→ EXERCISE
Begin at the line with "Lakefront Living in" and set down each line exactly until the listing ends. Images stay out.

→ RECORDED DATA
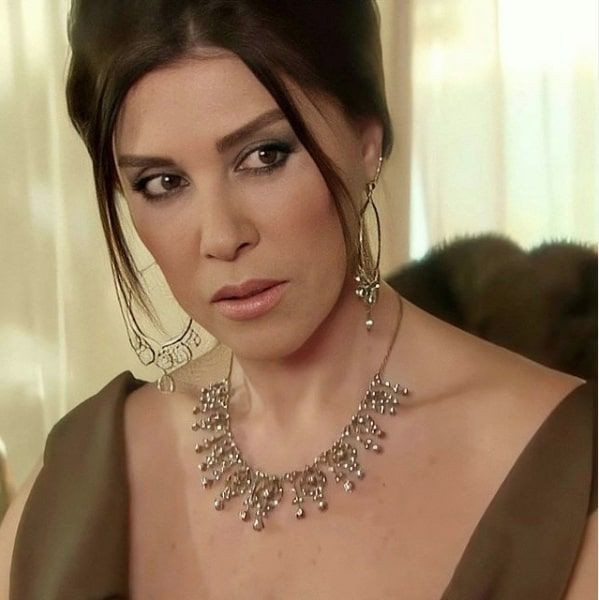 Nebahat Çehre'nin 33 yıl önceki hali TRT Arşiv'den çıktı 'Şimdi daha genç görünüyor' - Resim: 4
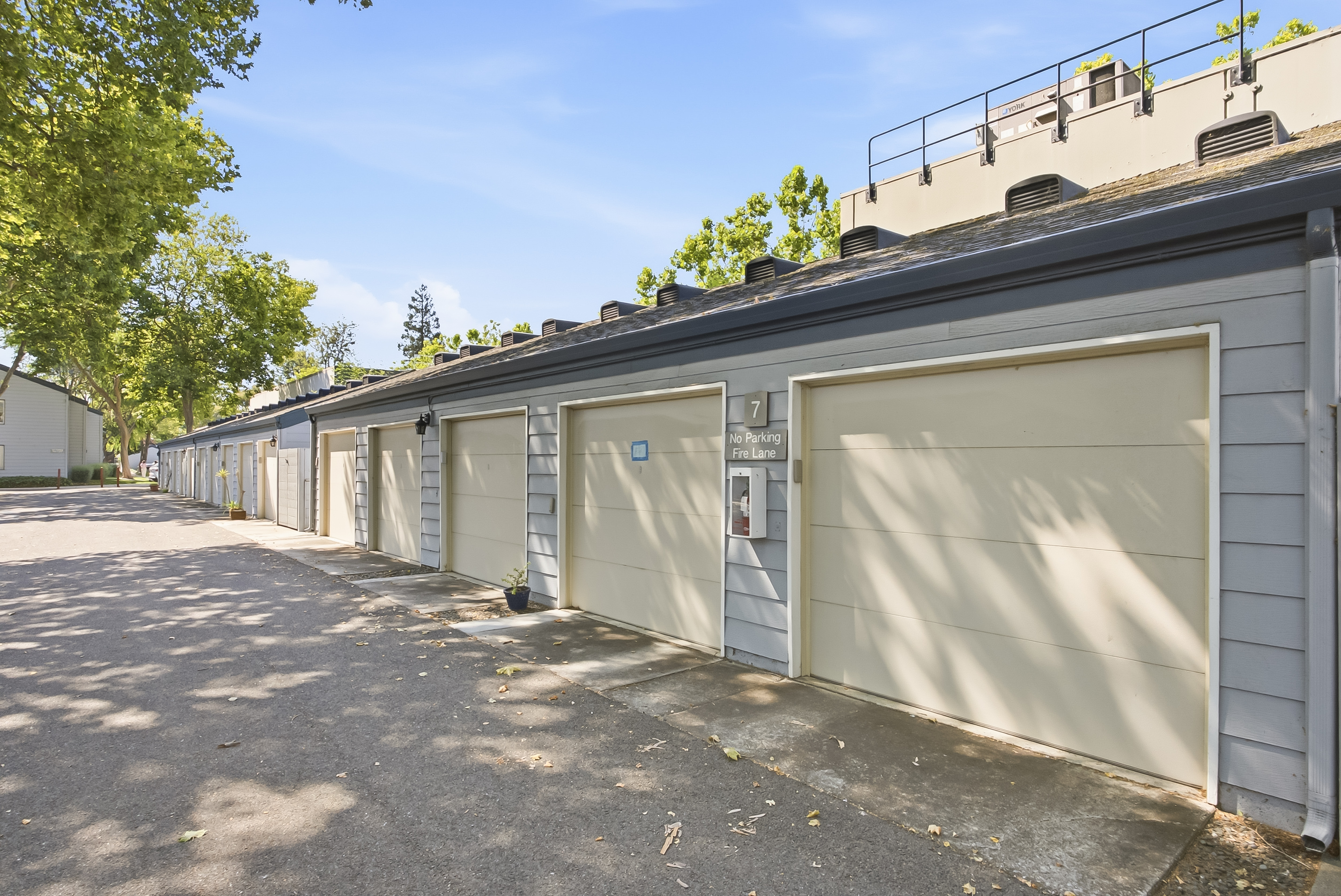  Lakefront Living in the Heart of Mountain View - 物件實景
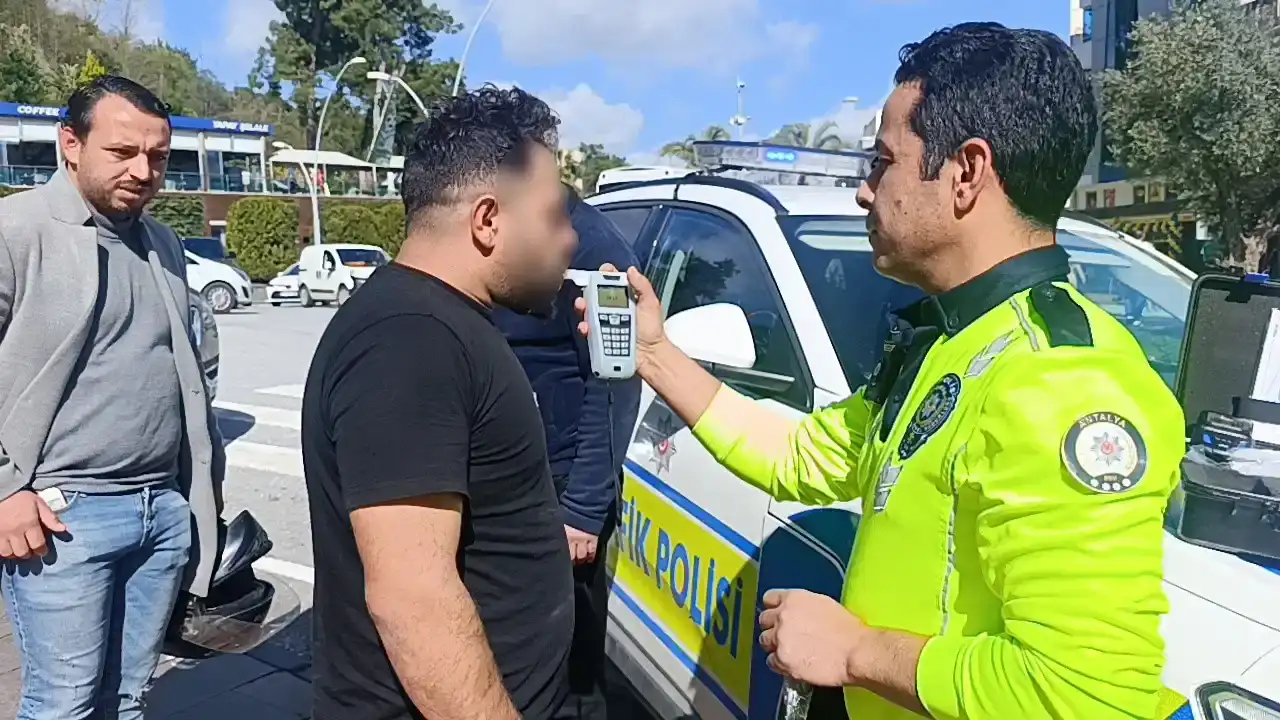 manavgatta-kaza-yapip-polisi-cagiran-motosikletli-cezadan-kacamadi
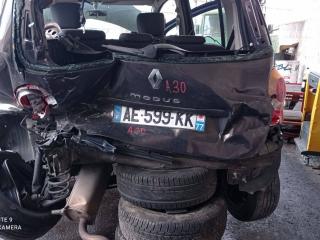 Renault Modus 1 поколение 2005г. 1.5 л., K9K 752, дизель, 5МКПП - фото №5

→ ANSWER FOR THIS EXERCISE
  Lakefront Living in the Heart of Mountain View - 物件實景
 manavgatta-kaza-yapip-polisi-cagiran-motosikletli-cezadan-kacamadi
 Renault Modus 1 поколение 2005г. 1.5 л., K9K 752, дизель, 5МКПП - фото №5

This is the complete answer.